##### Records shown

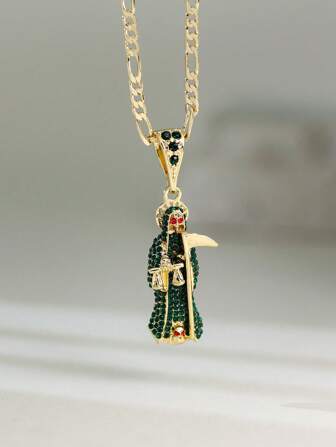 Hip Hop Micro-Inlaid Zirconia Holy Death Pendant Necklace - Golden -Tone Summer Jewelry For Daily Wear, Vacation, Casual Or Formal Occasions, Cute Necklace, Vacation Accessory, Sophisticated Design, High Quality Finish, Gift Seekers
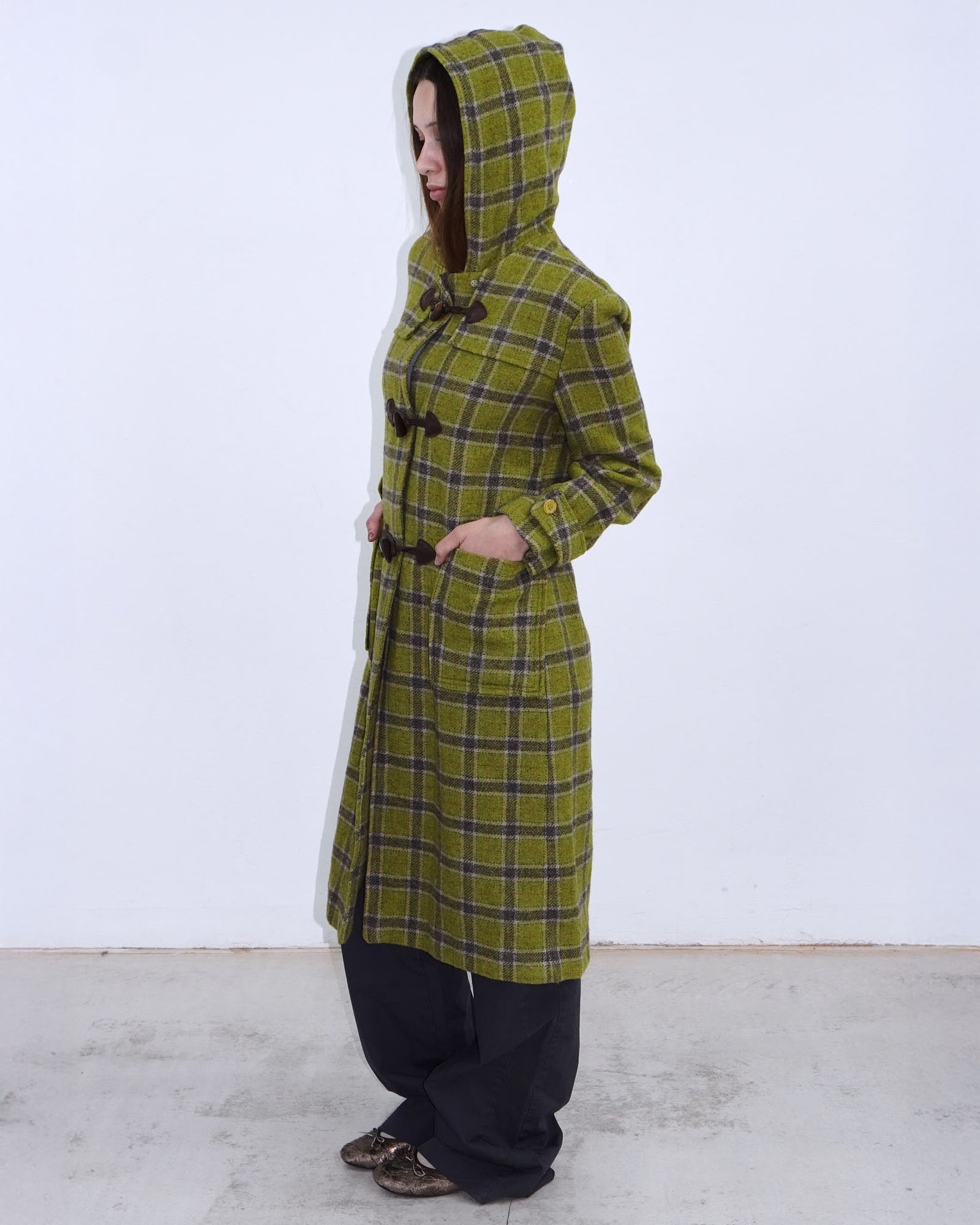 light green tartan pattern duffle coat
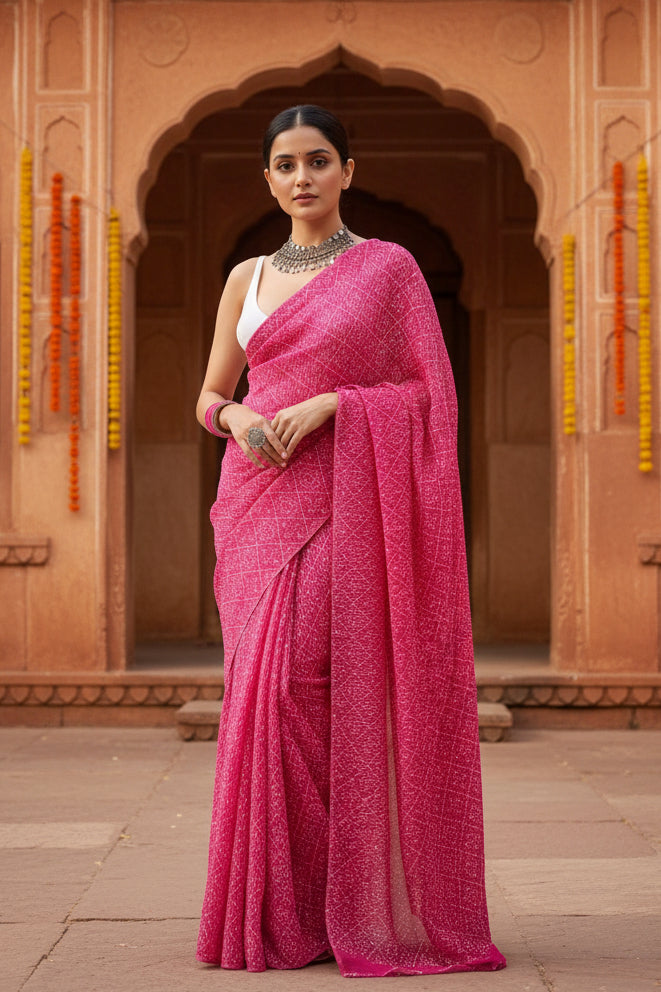 Crush Silk Bandhani Bhej Printed saree With Unstitched Blouse(Pink)
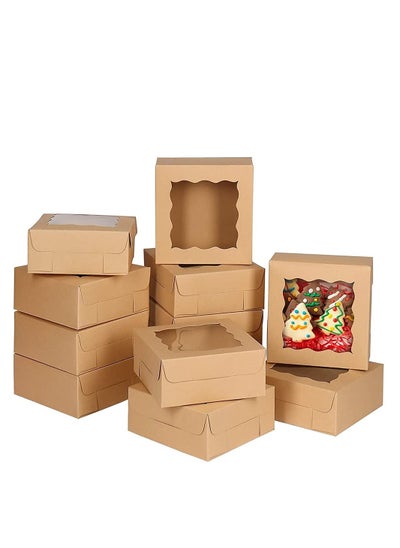 اشتري Cake Box,Brown Cookie Boxes with PVC Window Paper Bakery Boxes Pastry Boxes Cupcake Boxes, for Pies, Donuts, Cookies and Muffins, Small Natural Craft Paper Box (20 Pcs, 4 x 4 x 2.5 Inches) في الامارات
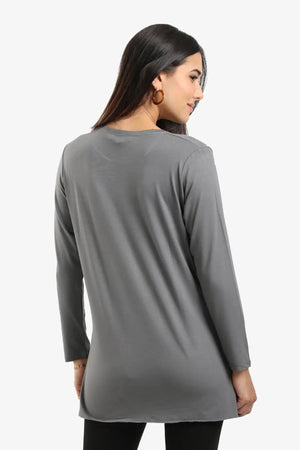 long-sleeved poplin blouse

##########

Would you reproduce the records exactly as they stand, but without the pictures?

 Hip Hop Micro-Inlaid Zirconia Holy Death Pendant Necklace - Golden -Tone Summer Jewelry For Daily Wear, Vacation, Casual Or Formal Occasions, Cute Necklace, Vacation Accessory, Sophisticated Design, High Quality Finish, Gift Seekers
 light green tartan pattern duffle coat
 Crush Silk Bandhani Bhej Printed saree With Unstitched Blouse(Pink)
 اشتري Cake Box,Brown Cookie Boxes with PVC Window Paper Bakery Boxes Pastry Boxes Cupcake Boxes, for Pies, Donuts, Cookies and Muffins, Small Natural Craft Paper Box (20 Pcs, 4 x 4 x 2.5 Inches) في الامارات
 long-sleeved poplin blouse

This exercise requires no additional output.